Our time together as a team and as WMF as a whole was something I'd been longing for. I loved just being with eachother in a setting other than Freetown b/c we were all able to slow down and just enjoy ourselves. We cooked together, played speed scrabble, swam in the river, washing ourselves and our clothes in the river, prayed together, did bible studies together, worshiped through music, and worshiped through enjoying God's creation together. I absolutely love my team and Camie and Faye. I will be sad when our time together here is over but I thank God that he has put each one of them in my life. They are each truly a blessing to me and I am so greatful for them.
Over all it was a really refreshing trip and I am really thankful for it.
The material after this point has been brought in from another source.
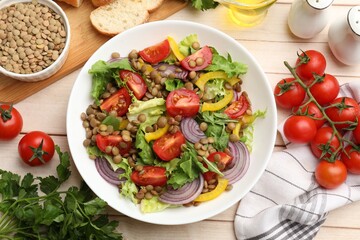 Delicious lentil salad and ingredients on light wooden table, flat lay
I really learned the importance of a time of rest and have been trying to put that into practice back here in Freetown. I am refocused and ready to put all of me into these last 4 weeks. Please pray with me to wake up ready each day to do just that. I do not want to leave feeling like I did not do that.
God bless!
Haley Kate

Saturday, November 11, 2006

rain check

Ok, so I didn't manage my time very well today so I am going to have to give you all a rain check on hearing about what I did while I was up country. It was stinkin amazing though. I promise to write about it this coming week but I have to go home and "bruk" (wash my clothes in the tub) b/c all the sweat from hiking and smoke from the fires at night have left my clothes straight up reeking!!! It's just amazing how horrible they smell. So, every one have a great weekend and I'll tell more about this past week soon!